Well all I can say is sometimes you take a shot at a deal and it works out and some don't. So this is my story. I guy was advertising a 30 hp johnson with controls on craogslist so I make him a pitch for a trade. I go to his house to check out the motor. It has 140 psi in both cylinder and spark good spark. I hook up my battery and gas and try to start it gas in carb starter won't turn but slow. I get it to sputter and do the deal.. I bring it home pull the starter take it apart cleaned the rust and crud out and she turns like new. electric primer giving me heartach so I take it aprt clean it and find it was assebled wrong so now it works. Bring the boat to the lake and its spitting gas out the carb. Back to the house pull the carb pull the intake and wallah broken reed valve mo problem replace reed valve. Back to the lake fire her up and bammm 28 mph and tearin up the lake oh yea sweeet victory.. And its a long shaft so I had a transom elevator fabricated for 55 buck all aluminum.. less then 100.00 plus the trade and this 1985 30 hp is worth some bucks but she's a keeper. The moral of the story is this never give up if man made it it will break but if man made it man can fix it..There are tons of such motors out there that people don;t know how to deal with... grab some tools go online read and you can do it. Do you think these marine machanics can keep all that info in there heads nooooo they have to read and hit a book well i don't make 90.00 an hour and i have a hard time paying someone that and i learned how to read too. My spelling may leave much to be desired but hey the motor runs...


----------



## Gitzet (Aug 11, 2013)

=D> 

Good for you!


----------



## Skully (Aug 14, 2013)

I will get some picks up of the 30 hp as soon as I freshin it up with a little paint and some new decals but the boat screams fast. Now I can add some more shtuff to it and not worry about getting out of my own way, been thinking about a center console instead of the sit down side console I have now pics to follow....


----------



## BigTerp (Aug 15, 2013)

Good work!! Makes me optomistic about the 1994 50/35 Johnson jet my buddy and I are currently in the middle of rebuilding. Hoping to get to the point tonight or this weekend where we can start her for the first time!! [-o<


----------



## Skully (Aug 15, 2013)

Jet they kinda got me puzzeled never messed with one or actually seen one in person.. Please post some pics and info on your progress as you move foward I would think that the power head would be as all power heads but its in the lower unit were all the jet schtuff is...


----------



## BigTerp (Aug 16, 2013)

Theres a few pictures in my build thread. Nothing to detailed though.
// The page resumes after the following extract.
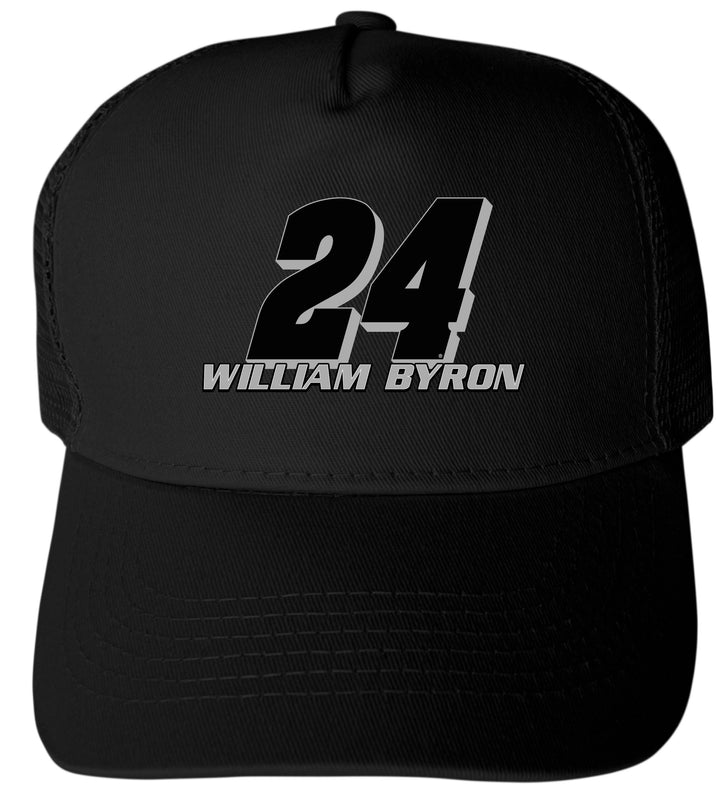 William Byron - HP #24 Nascar Offic. LIC. Trucker Hat - Full Color Heat Transfer Logo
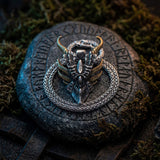 Vintage Evil Dragon Head Stainless Steel Pendant | Gthic.com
It's exactly the same as a prop drive motor except for the lower end. The lower end is pretty simple and straight forward, IMO. Basically there are no gears. A impeller is driven directly by the drive shaft which pulls in water through the jet pump and shoots it out the back. Heres a pretty good explanation and diagram.

https://www.trouttandsons.com/Jet_Units/Jet_Units.html

I'm putting one on my boat because the portion of the river I run is very shallow. We do a lot of waterfowl hunting and most of our hunting holes are accessed through shallow areas.

My buddy and I got the motor to the point of starting last night. Turned it over a few times and the compression sounds awesome. Just need to get some new fuel lines and she'll be ready to start!!

Get some pics up of your boat/motor. I'm curious to see it!!


----------